____ Dataset entries

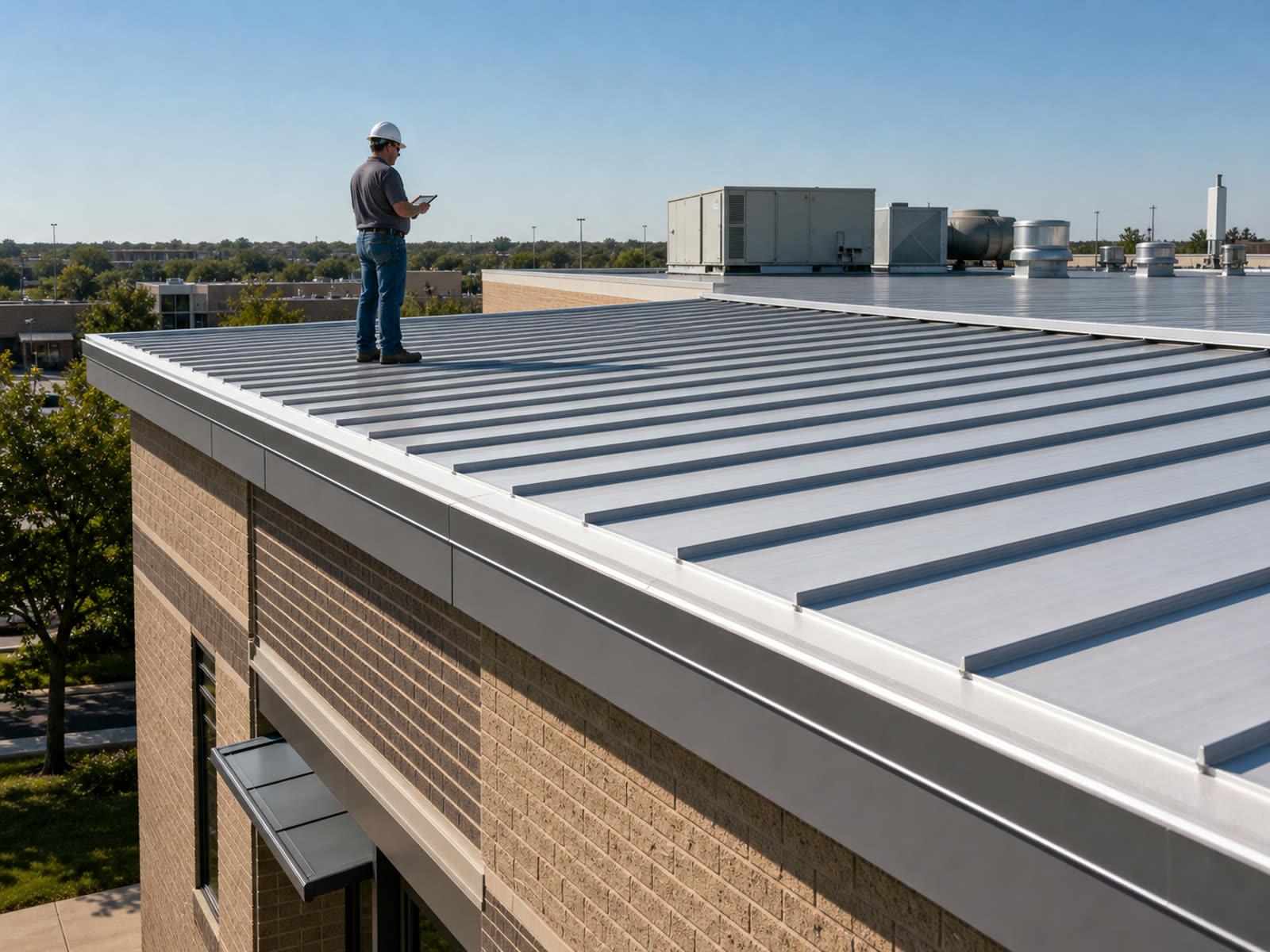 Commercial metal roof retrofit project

________
____ Dataset entries

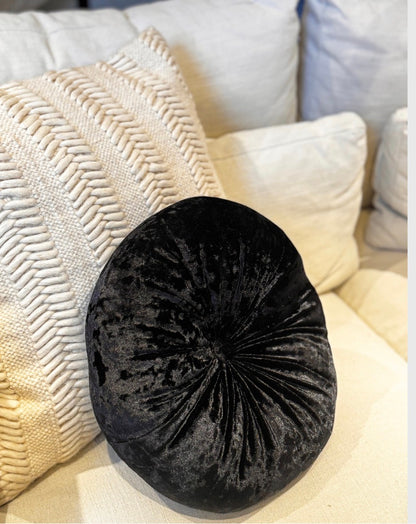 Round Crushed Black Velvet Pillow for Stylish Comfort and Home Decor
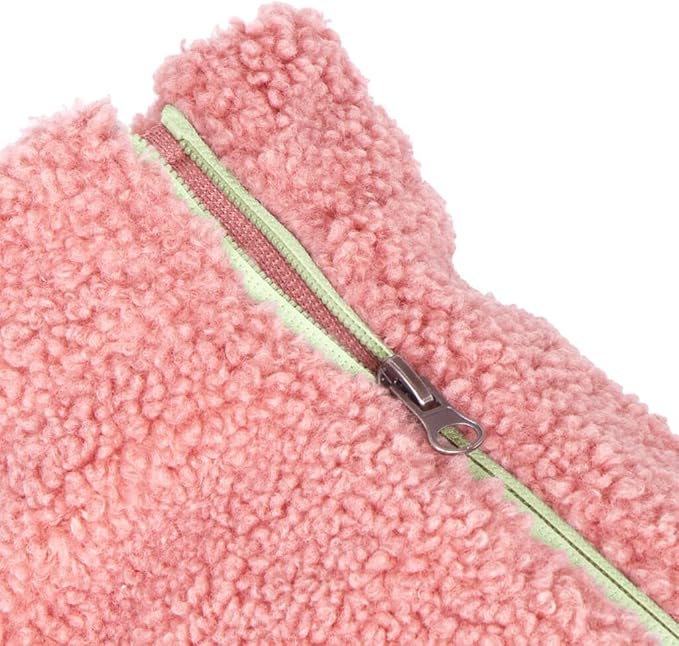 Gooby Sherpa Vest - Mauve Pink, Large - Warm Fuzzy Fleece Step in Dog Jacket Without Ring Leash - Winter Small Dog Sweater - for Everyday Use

________

▸ **Exercise description**
Quote the data above exactly from the line with "Round Crushed Black" to the line with "Gooby Sherpa Vest", both ends counted, and nothing else. Pictures don't go in.

▸ **Exercise output**
 Round Crushed Black Velvet Pillow for Stylish Comfort and Home Decor
 Gooby Sherpa Vest - Mauve Pink, Large - Warm Fuzzy Fleece Step in Dog Jacket Without Ring Leash - Winter Small Dog Sweater - for Everyday Use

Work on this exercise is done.